> _The problem_
Take the lines below beginning at the line that has "股票股指配资 金谷信托减持凯撒旅业0.1376%股份" and stopping after the line that has "2021-2023年4月中国牛肉及牛杂碎进口均价", and print them exactly as they are, with no other lines.

Short web captions:
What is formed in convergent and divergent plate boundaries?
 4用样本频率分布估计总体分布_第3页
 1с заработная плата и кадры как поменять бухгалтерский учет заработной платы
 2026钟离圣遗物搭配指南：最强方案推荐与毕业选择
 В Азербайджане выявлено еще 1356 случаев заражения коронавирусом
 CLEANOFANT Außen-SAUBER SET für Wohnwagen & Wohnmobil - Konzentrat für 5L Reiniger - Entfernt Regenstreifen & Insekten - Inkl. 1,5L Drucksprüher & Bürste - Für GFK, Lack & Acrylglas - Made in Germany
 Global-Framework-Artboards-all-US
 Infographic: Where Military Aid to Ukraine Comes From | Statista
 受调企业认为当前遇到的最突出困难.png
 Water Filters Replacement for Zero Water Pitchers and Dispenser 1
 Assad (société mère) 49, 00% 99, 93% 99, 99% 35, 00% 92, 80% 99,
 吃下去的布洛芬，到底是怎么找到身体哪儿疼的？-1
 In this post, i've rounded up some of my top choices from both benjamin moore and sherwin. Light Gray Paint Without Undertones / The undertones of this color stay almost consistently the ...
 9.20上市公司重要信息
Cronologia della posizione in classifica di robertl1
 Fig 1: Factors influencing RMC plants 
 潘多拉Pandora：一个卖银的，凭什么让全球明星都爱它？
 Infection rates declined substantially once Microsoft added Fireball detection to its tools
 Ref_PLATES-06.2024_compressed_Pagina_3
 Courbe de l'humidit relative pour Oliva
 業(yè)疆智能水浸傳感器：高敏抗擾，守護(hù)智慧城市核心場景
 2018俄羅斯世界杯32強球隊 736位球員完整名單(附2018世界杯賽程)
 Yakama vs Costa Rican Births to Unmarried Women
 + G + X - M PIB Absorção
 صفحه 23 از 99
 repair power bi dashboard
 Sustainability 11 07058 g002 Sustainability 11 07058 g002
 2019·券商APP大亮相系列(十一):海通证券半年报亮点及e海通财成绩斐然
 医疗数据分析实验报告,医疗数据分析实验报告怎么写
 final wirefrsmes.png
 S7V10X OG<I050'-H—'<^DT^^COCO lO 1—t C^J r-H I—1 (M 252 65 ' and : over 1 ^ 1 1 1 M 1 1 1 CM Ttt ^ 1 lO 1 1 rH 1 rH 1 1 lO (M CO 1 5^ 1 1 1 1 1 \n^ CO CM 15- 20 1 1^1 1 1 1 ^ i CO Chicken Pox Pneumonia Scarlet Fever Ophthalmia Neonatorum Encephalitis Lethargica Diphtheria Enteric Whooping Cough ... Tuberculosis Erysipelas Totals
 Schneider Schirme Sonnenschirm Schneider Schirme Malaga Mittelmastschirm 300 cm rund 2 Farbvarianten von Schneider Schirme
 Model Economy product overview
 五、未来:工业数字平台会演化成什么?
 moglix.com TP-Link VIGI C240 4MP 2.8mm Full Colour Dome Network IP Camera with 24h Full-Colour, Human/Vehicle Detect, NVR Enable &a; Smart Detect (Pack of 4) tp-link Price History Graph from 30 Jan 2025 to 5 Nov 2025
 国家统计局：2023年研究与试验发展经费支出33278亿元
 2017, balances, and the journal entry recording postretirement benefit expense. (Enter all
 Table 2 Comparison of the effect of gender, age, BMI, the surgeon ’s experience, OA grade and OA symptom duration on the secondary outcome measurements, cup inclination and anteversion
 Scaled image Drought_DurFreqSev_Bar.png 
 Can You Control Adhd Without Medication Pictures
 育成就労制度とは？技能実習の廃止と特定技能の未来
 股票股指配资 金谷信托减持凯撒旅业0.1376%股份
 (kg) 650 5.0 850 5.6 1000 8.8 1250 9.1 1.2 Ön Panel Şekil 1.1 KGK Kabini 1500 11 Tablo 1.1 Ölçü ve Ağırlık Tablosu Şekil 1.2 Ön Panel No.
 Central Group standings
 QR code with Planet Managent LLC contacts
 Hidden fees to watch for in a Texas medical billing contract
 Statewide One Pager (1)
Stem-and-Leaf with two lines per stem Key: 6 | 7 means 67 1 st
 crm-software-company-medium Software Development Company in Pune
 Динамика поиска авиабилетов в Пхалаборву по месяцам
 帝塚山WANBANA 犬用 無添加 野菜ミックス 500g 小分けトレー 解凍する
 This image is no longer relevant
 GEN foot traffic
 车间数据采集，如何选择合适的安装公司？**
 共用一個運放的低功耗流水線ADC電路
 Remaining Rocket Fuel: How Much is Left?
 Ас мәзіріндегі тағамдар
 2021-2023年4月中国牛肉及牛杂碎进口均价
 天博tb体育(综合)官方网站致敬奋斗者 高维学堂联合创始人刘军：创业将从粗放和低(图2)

> _Task solution_
 股票股指配资 金谷信托减持凯撒旅业0.1376%股份
 (kg) 650 5.0 850 5.6 1000 8.8 1250 9.1 1.2 Ön Panel Şekil 1.1 KGK Kabini 1500 11 Tablo 1.1 Ölçü ve Ağırlık Tablosu Şekil 1.2 Ön Panel No.
 Central Group standings
 QR code with Planet Managent LLC contacts
 Hidden fees to watch for in a Texas medical billing contract
 Statewide One Pager (1)
Stem-and-Leaf with two lines per stem Key: 6 | 7 means 67 1 st
 crm-software-company-medium Software Development Company in Pune
 Динамика поиска авиабилетов в Пхалаборву по месяцам
 帝塚山WANBANA 犬用 無添加 野菜ミックス 500g 小分けトレー 解凍する
 This image is no longer relevant
 GEN foot traffic
 车间数据采集，如何选择合适的安装公司？**
 共用一個運放的低功耗流水線ADC電路
 Remaining Rocket Fuel: How Much is Left?
 Ас мәзіріндегі тағамдар
 2021-2023年4月中国牛肉及牛杂碎进口均价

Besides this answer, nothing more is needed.